**Supplied material**
# # # #

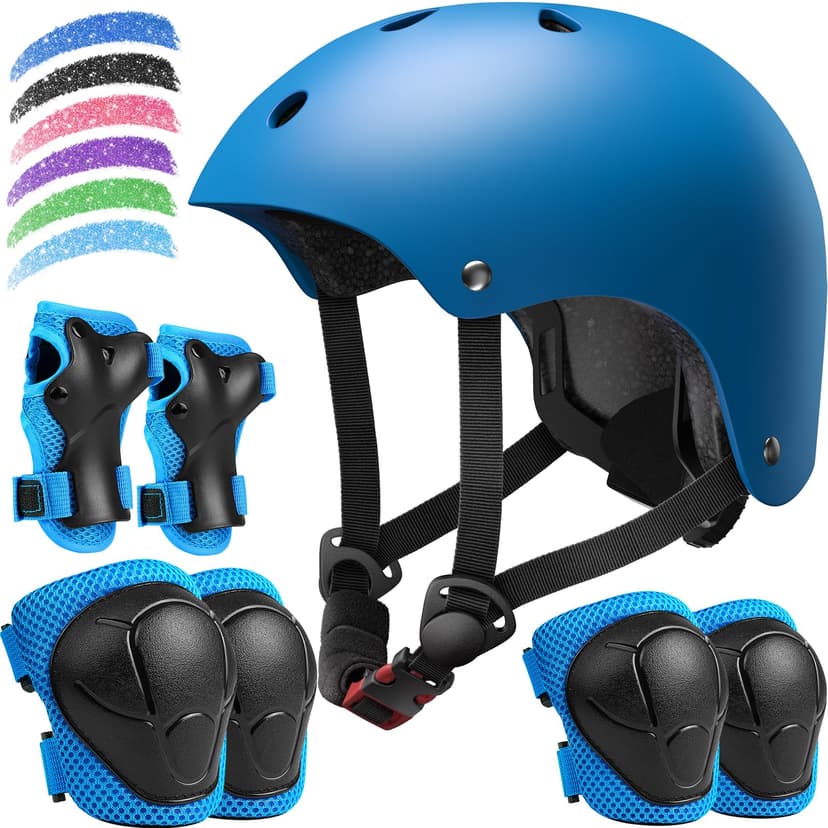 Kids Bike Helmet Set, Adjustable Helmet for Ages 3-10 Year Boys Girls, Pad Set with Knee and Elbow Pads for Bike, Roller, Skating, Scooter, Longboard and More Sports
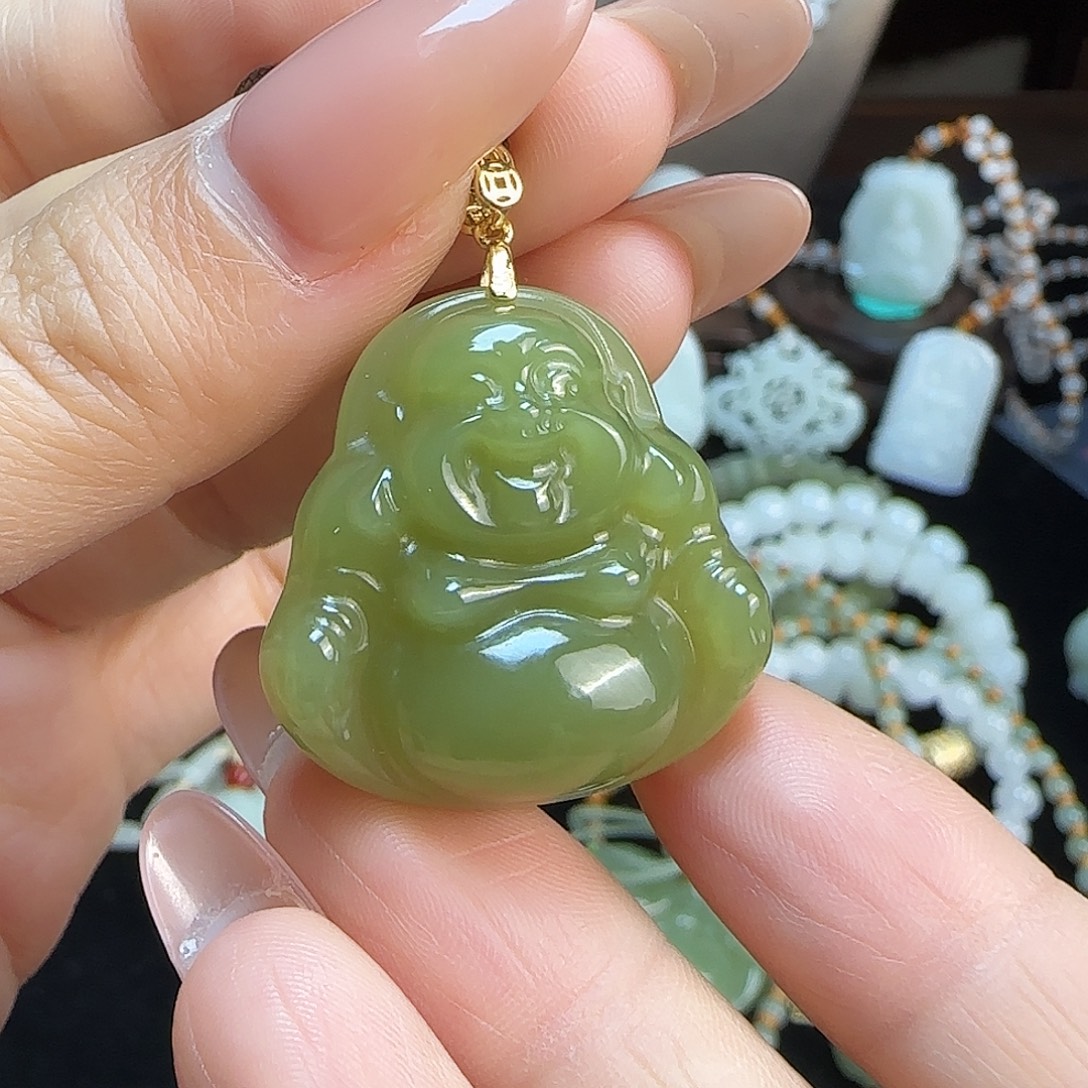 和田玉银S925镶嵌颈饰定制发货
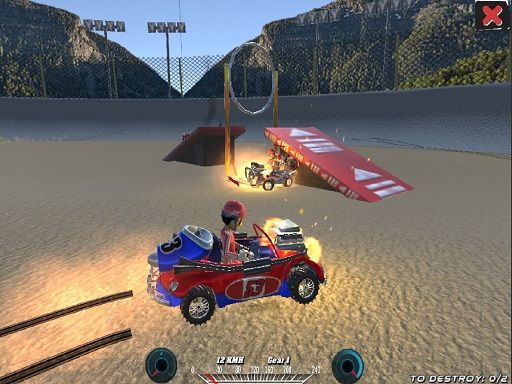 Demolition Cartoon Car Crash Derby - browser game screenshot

# # # #

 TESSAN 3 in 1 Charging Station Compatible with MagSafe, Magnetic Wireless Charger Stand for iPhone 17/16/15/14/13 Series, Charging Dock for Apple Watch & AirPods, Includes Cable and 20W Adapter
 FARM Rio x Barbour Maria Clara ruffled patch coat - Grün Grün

# # # #

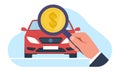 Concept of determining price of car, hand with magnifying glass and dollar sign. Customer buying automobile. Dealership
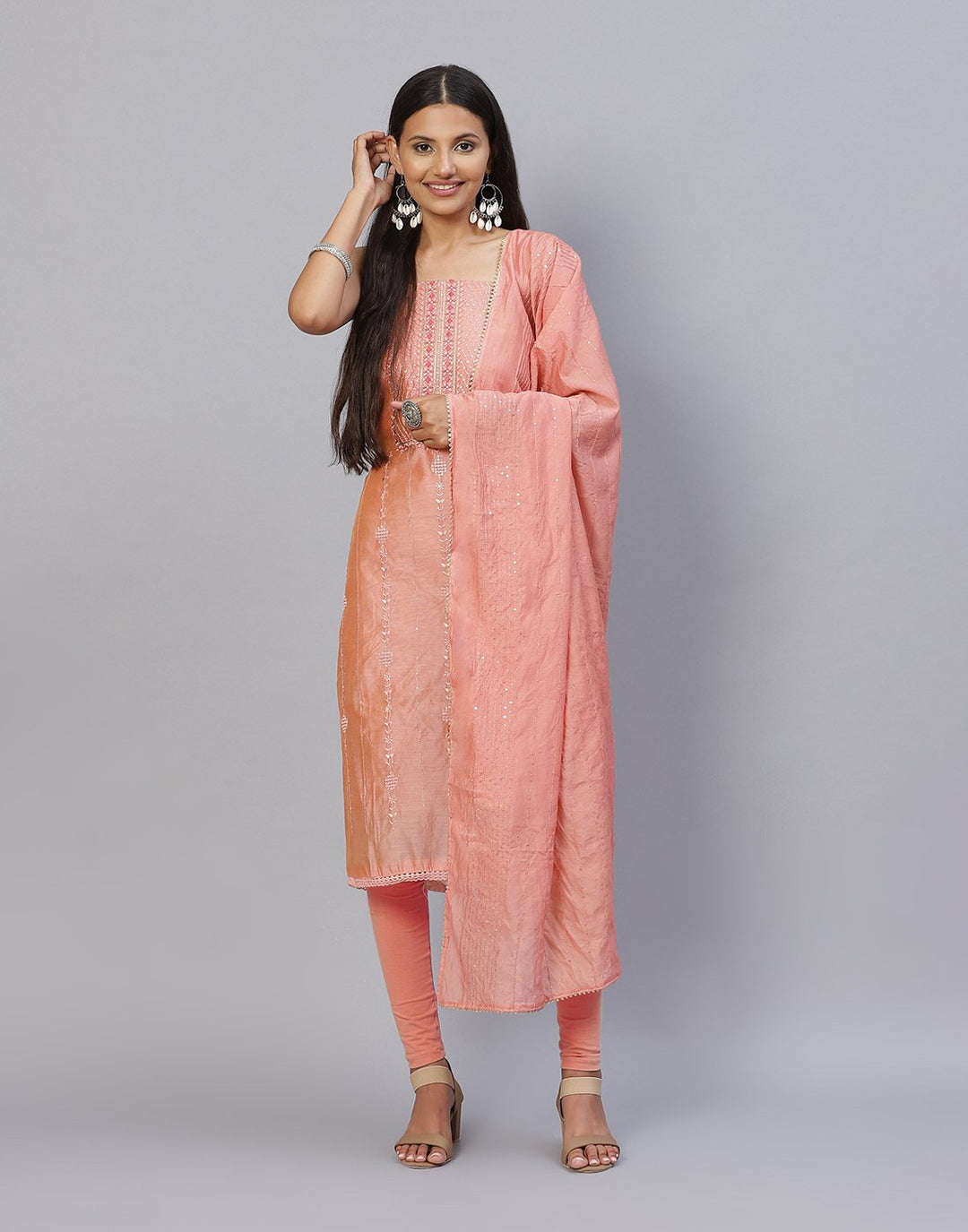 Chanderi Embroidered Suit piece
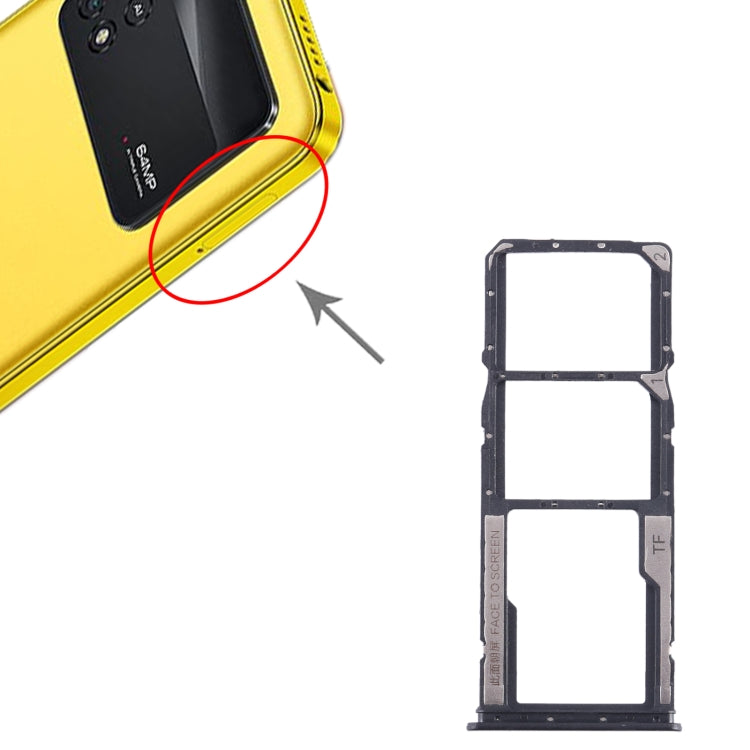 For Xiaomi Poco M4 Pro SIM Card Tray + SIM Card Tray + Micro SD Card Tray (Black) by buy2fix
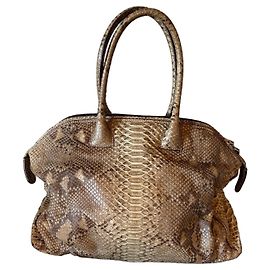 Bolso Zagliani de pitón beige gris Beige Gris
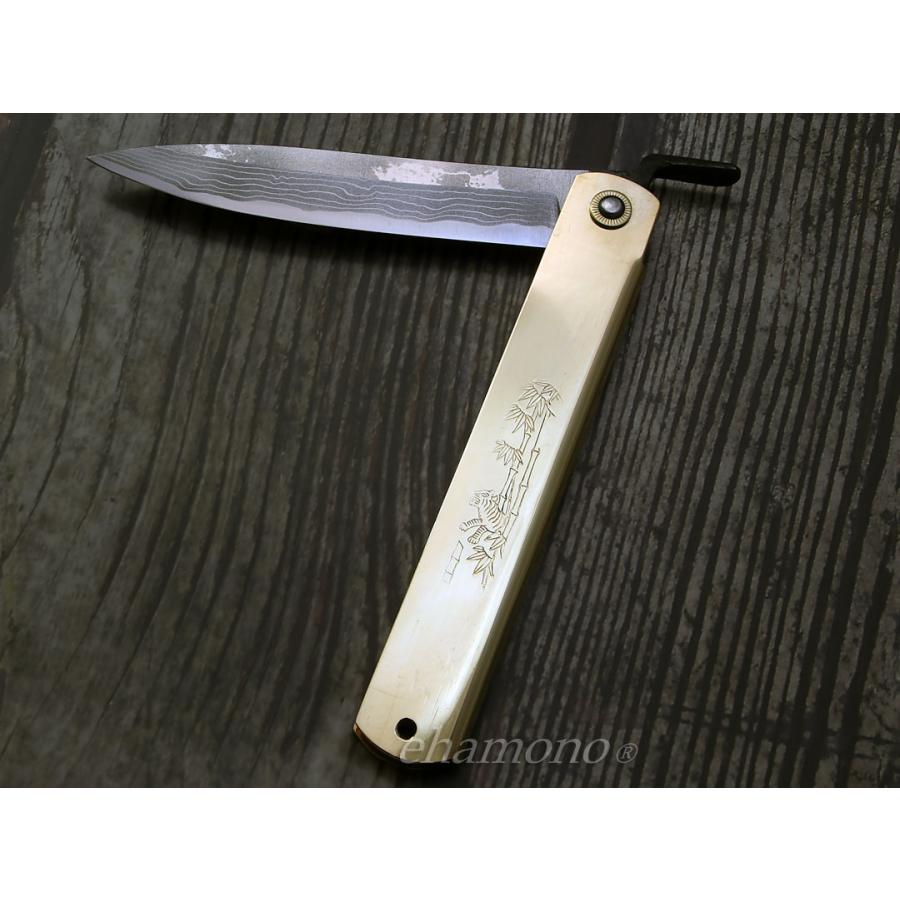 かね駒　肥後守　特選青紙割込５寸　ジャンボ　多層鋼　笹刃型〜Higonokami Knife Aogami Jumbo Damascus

# # # #

**What to do**
Look above for the line containing "For Xiaomi Poco", then write out every line from there down to the line containing "かね駒　肥後守　特選青紙割込５寸　ジャンボ　多層鋼　笹刃型〜Higonokami Knife Aogami", that line included, with no pictures.

**Answer box**
 For Xiaomi Poco M4 Pro SIM Card Tray + SIM Card Tray + Micro SD Card Tray (Black) by buy2fix
 Bolso Zagliani de pitón beige gris Beige Gris
 かね駒　肥後守　特選青紙割込５寸　ジャンボ　多層鋼　笹刃型〜Higonokami Knife Aogami Jumbo Damascus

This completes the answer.